Nearly 491,000 Japan-bound air tickets booked from China have been cancelled in a matter of days after a China–Japan travel spat errupts. The cancellation of roughly a third of all existing bookings is sending a shiver through one of Japan’s most China-reliant sectors.
The shockwave followed an unusually blunt advisory from Beijing, which urged Chinese citizens to avoid travel to Japan after Prime Minister Fumio Kishida suggested Tokyo could intervene militarily if China attacked Taiwan. The message landed loudly in a market where outbound tourism often mirrors political mood swings and where consumer sentiment can flip almost instantly.
Airlines moved fast. Within hours of Beijing’s advisory, major Chinese carriers rolled out full refunds and no-penalty itinerary changes for Japan-bound tickets, clearing the way for cancellations at scale. Reports also suggest some state-owned enterprises told staff to suspend personal travel applications to Japan, adding another layer of caution even without a formal nationwide directive.

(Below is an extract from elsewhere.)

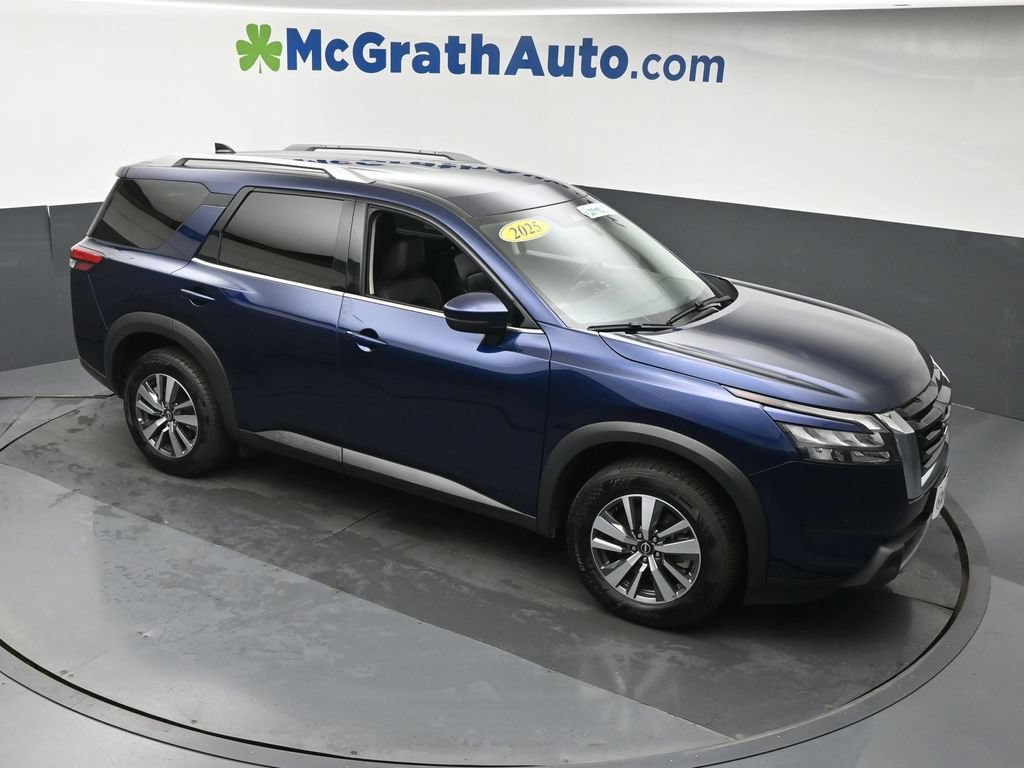 Used 2025 Nissan Pathfinder SL SUV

Taken together, the China–Japan travel spat signals more than a brief wobble – at least in the near term. It’s not unprecedented: during the 2012 Senkaku/Diaoyu Islands flare-up, Chinese tourism to Japan plunged before rebounding once tensions eased. The same pattern could play out again. But for now, the advisory, the rapid airline response and the SOE-level caution all point to a chill that, while likely temporary, is very much real.

Chinese travellers normally account for roughly a quarter of Japan’s inbound tourism and punch well above their weight in per-capita spending. Tokyo felt that loss immediately. Local media reported sudden drops in hotel occupancy forecasts for late 2025 and early 2026, as operators braced for a winter without their most valuable customer base.
But the implications stretch well beyond Japan’s tourism trade. The scale and speed of cancellations signals tourism as a new lever for Beijing to pull when China’s neighbours don’t play ball. Discouraging leisure travel is a low-cost, high-visibility way to broadcast displeasure without touching trade.
The question now is whether this freeze becomes structural. If the advisory stays in place – or if rhetoric around Taiwan hardens further – Japan’s most dependable inbound engine could remain stalled well into 2026. And for both sides, a once-routine flow of tourists has become another proxy battleground in an increasingly brittle regional relationship.